“8/17/2009, 9:39am EST”
"In America, Crazy Is a Preexisting Condition" →
Rick Perlstein, Washington Post:
Before the “black helicopters” of the 1990s, there were right-wingers claiming access to secret documents from the 1920s proving that the entire concept of a “civil rights movement” had been hatched in the Soviet Union; when the landmark 1964 Civil Rights Act was introduced, one frequently read in the South that it would “enslave” whites. And back before there were Bolsheviks to blame, paranoids didn’t lack for subversives — anti-Catholic conspiracy theorists even had their own powerful political party in the 1840s and ’50s.
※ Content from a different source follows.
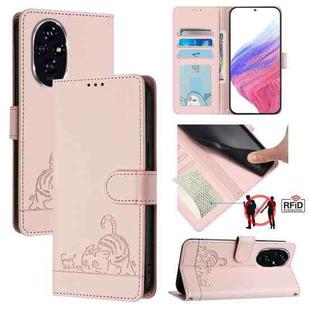 For Honor 200 Pro Cat Rat Embossed Pattern RFID Leather Phone Case with Lanyard(Pink)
The instigation is always the familiar litany: expansion of the commonweal to empower new communities, accommodation to internationalism, the heightened influence of cosmopolitans and the persecution complex of conservatives who can’t stand losing an argument. My personal favorite? The federal government expanded mental health services in the Kennedy era, and one bill provided for a new facility in Alaska. One of the most widely listened-to right-wing radio programs in the country, hosted by a former FBI agent, had millions of Americans believing it was being built to intern political dissidents, just like in the Soviet Union.
So, crazier then, or crazier now? Actually, the similarities across decades are uncanny.